SIGH. I hate that this is something we have to think about. Chessa just turned two. TWO. How do I teach a two year old these things? I know I have to, but how. The funny in me just wants to leave some quip about never taking her anywhere again, but I know I have to teach her these things and I hate that because I want her to think her world is safe. But as parents, as grown ups, we know that it’s not. Damn. I hate this.
I know… Erin did make me think that the world is a mostly safe place, but we need to have our eyes open and make sure our children have every tool at their disposal. It’s awful that we have to think about this; agreed.
I’m so glad to read this advice. I hate it when parents push their kid to hug me and always say, “If you’d like to hug me it’s OK.” Teaching kids that adults don’t have sovereignty over their own bodies is an unsafe practice. If a kid wants to hug me, they will! I wouldn’t force an adult friend to hug anyone!
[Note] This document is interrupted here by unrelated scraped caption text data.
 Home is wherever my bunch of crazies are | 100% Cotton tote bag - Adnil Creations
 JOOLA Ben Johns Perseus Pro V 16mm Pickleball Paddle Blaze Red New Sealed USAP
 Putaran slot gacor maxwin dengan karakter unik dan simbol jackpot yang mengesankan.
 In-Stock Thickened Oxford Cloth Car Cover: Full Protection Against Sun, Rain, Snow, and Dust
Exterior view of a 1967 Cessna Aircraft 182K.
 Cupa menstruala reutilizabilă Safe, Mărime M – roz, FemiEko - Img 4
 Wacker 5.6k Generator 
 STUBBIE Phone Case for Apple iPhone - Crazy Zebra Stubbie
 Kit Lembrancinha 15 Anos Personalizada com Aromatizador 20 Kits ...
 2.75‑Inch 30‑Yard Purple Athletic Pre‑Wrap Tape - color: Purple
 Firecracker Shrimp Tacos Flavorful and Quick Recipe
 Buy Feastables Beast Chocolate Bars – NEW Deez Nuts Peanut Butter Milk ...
I’d add that it can go for the people who (statistically speaking) are most likely to hurt children–adults the child knows. I remember my parents rehearsing various scenarios with me, like, “If a stranger comes up to you when you’re walking home and says Mommy has been hurt and you need to go with her, what do you do?” I always got those right, but would get tripped up on “If [neighbor who was friendly but not a trusted family friend] asked you if he could give you a ride home, what would you do?” I mean, obviously we don’t want to teach kids to be paranoid, but those are the situations that they need the most coaching on, IMHO, because they’re more vulnerable. (Apparently at age 7 I refused a ride home from a family friend, who then excitedly called my parents, pleased as punch that I’d stuck to their script. Ha!)
My heart was pounding reading this. It’s my worst nightmare to have someone take one of my kids.
One thing my son’s karate teacher taught children in a “stranger danger” class is what a “bad guy” looks like. He points out that in the movies, the person meaning someone harm always look like a bad guy. He went on to tell the children that while most people are good, that one bad person will probably just look normal.
He also taught the children if someone actually grabs them, they are to yell, “STRANGER! STRANGER! DON’T TOUCH ME THERE!” In all honesty, I have witnessed children being carted off in a toy store screaming. And every time I stop to watch and listen for that child to refer to the adult as “mommy or daddy.” If a child were yelling “Stranger stranger! Don’t touch me there!” all heads would turn.
Thank you for telling Erin’s story. You will have saved many more lives.